Coronavirus pandemic inspires 15-year-old Massachusetts teen to start foundation that inspires kids to help their local communities around the world

Maya Lee, 15, from Wayland, spent part of her freshmen year on the varsity swim team at her high school, even going to the state championship. Then as she was preparing for her first season of softball, the coronavirus pandemic put a stop to her first year in high school.

Instead, the teenager put her time and energy into something new: starting a foundation to inspire kids around the world to help fight poverty and sickness, especially during the pandemic.

“We’re helping communities and we’re doing something that impacts, even if it’s just a little bit during this hard time," Lee said.

The foundation, known as Uniting Kids Against Poverty and Sickness or UKAPS, organized a food drive to donate to local food banks in Boston and bought meals from restaurants “and delivered them to the deserving health care workers working on the front lines" including nurses at Newton-Wellesley Hospital Cancer Ward, Lee said.

But she didn’t want to just stop there.

“One of the big keys in our foundation is to unite kids to help out during this pandemic,” she said. “I realized that the pandemic isn’t only affecting us here, it’s affecting people all over the country and even all over the world.”

The best way to do that, she said, was to reach out and inspire children in other cities to join the UKAPS team.

They have already inspired similar events in New York City, Sacramento, Honolulu, and Tulsa.

Nine more cities will join them this weekend, including Worcester, Princeton and two internationally in Hamburg, Germany and Halifax, Canada.

“Anyone can make difference.
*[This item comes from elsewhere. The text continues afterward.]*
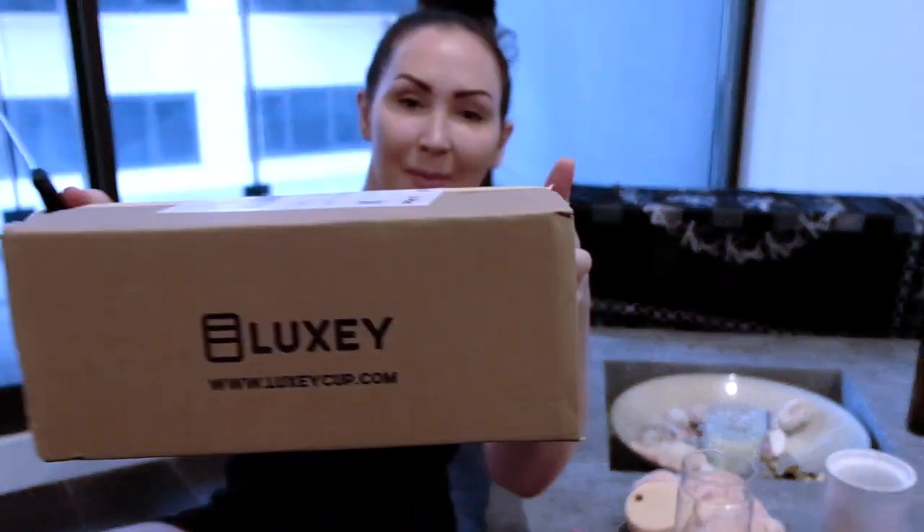Hey guys, what's up? Welcome back to my channel. It is Yasmin here, and I just picked up my second Luxy Cup order.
You just have to see what you can do to help,” she said. “There’s always a way to help during any time.”

Lee said she was inspired after spending the past 10 years helping her family organize a holiday gift drive for homeless families in New England.

“Personalizing these boxes and helping my dad collect and deliver these gifts, it’s just really made me happy to see that we’re making a difference,” she said. “And it makes me happy to see the smiles on their faces.”

So, while many people, including her dad, were still just trying to make sense of the pandemic and find normalcy, Lee was already thinking about how she could help others — just like they typically do during the holidays.

As states start to reopen, including Massachusetts, Lee continues to ask for donations and get people involved because she knows this isn’t the end of the road for her or UKAPS.

“Poverty and sickness is something that is a problem, around the world, even without this COVID pandemic,” she said. “When the coronavirus is gone one day, we still want to be able to help people and do our best to help as many people as possible.”

She might even turn it into a career one day.